* What is needed
Using the listing below, reproduce exactly the lines from the one with "Mesh Metal Pencil / Pen Holder (Black)" through the last, with all pictures left out.

─── Available data ───

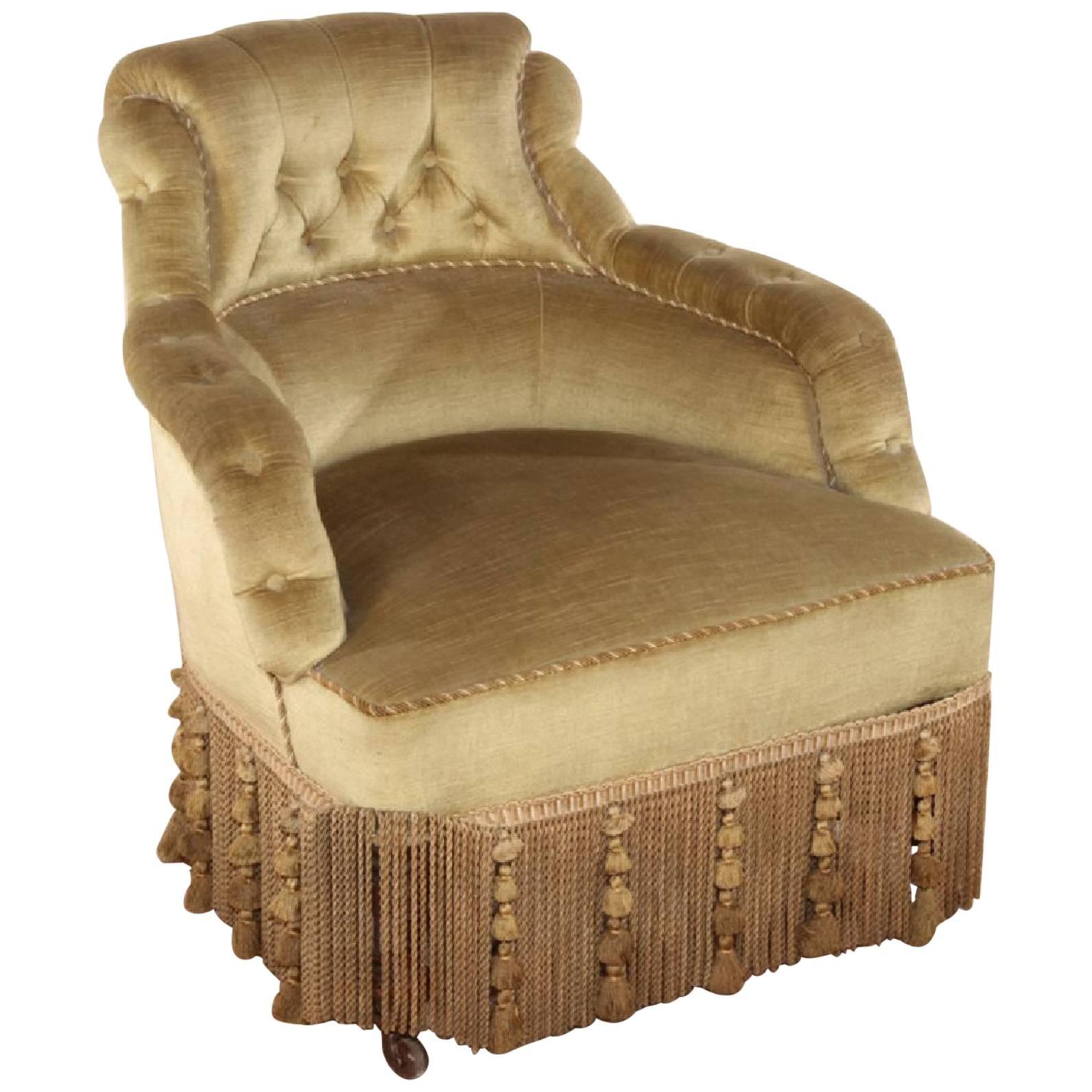 1880s French Napoleon III Green Velvet Reading Chair For Sale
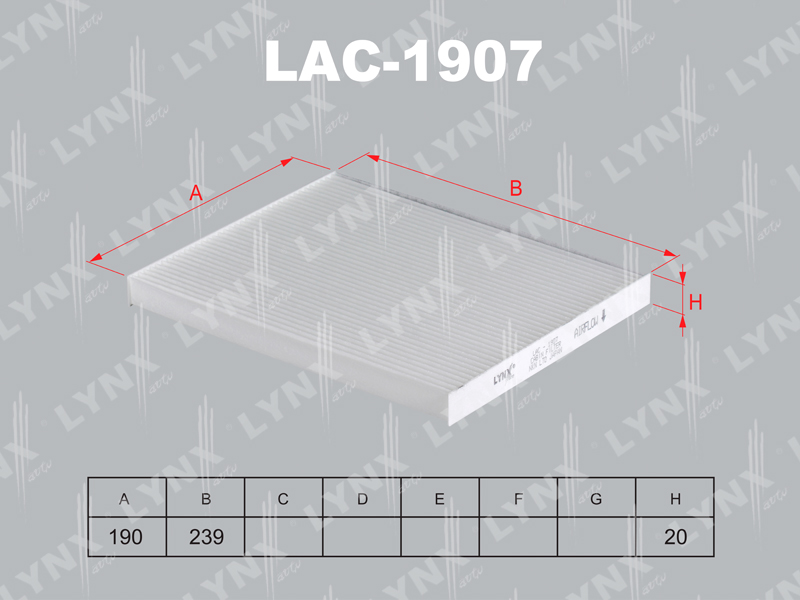 Фильтр салонный LYNX LAC-1907 / CU 24 004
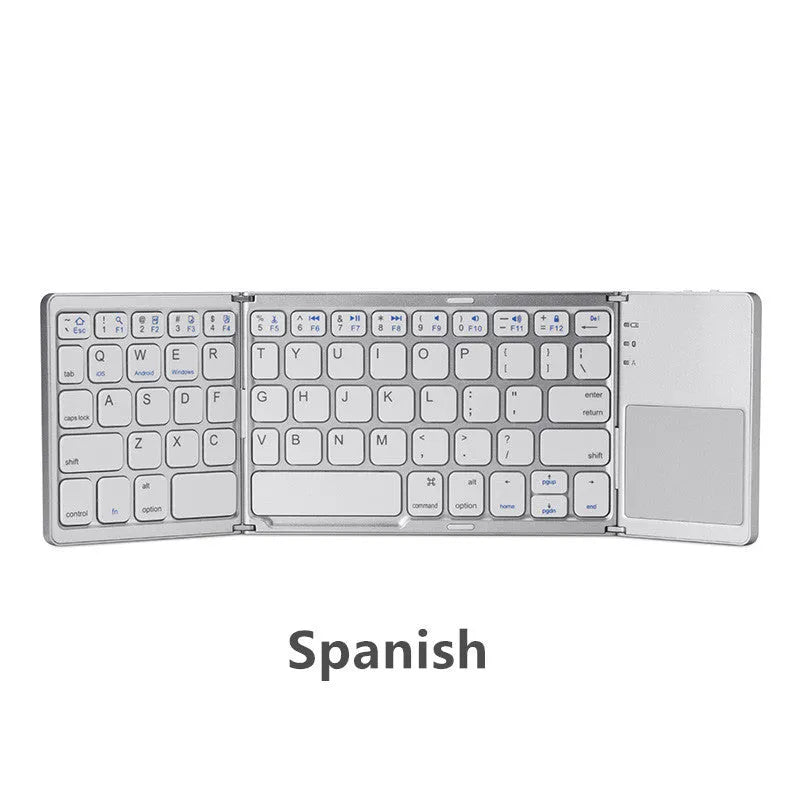 Black tri-fold folding Bluetooth keyboard with touchpad, shown both folded and unfolded next to a mobile phone.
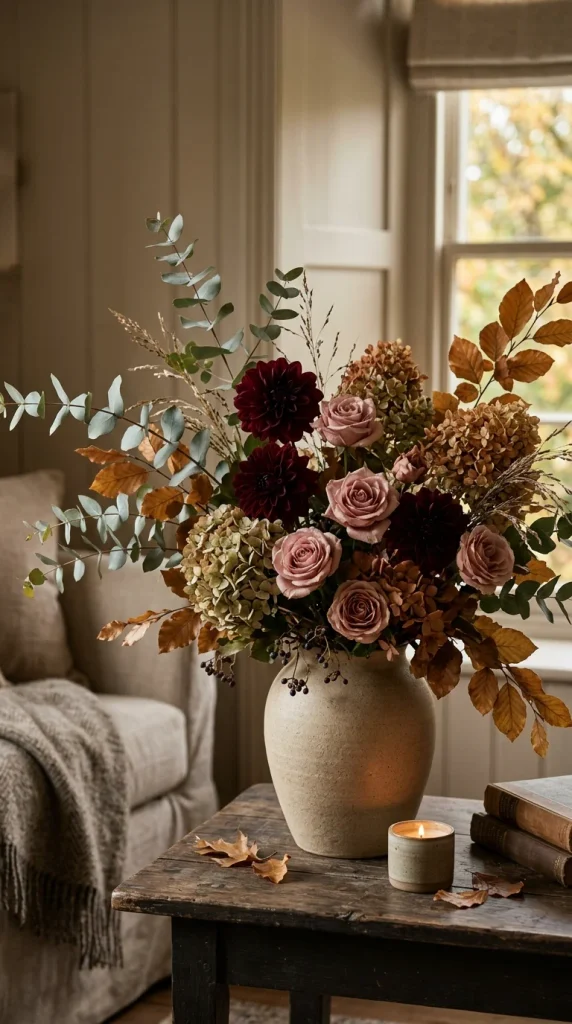 Add Pink and Burgundy Fall Florals
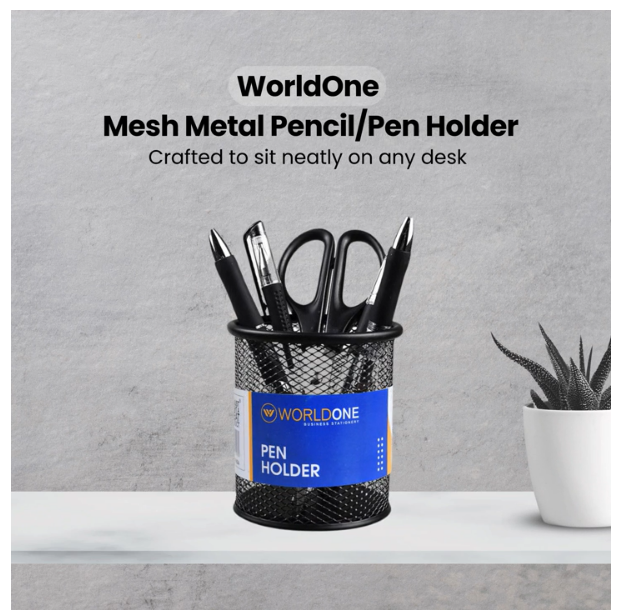 Mesh Metal Pencil / Pen Holder (Black)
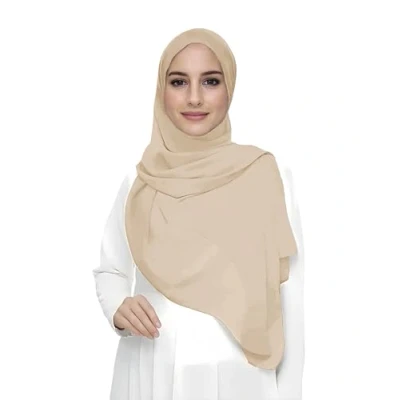 Image of Premium Chiffon Hijab Head Scarf Shawl Wrap for Muslim Women Lightweight (Beige)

───

* Exercise result
 Mesh Metal Pencil / Pen Holder (Black)
 Image of Premium Chiffon Hijab Head Scarf Shawl Wrap for Muslim Women Lightweight (Beige)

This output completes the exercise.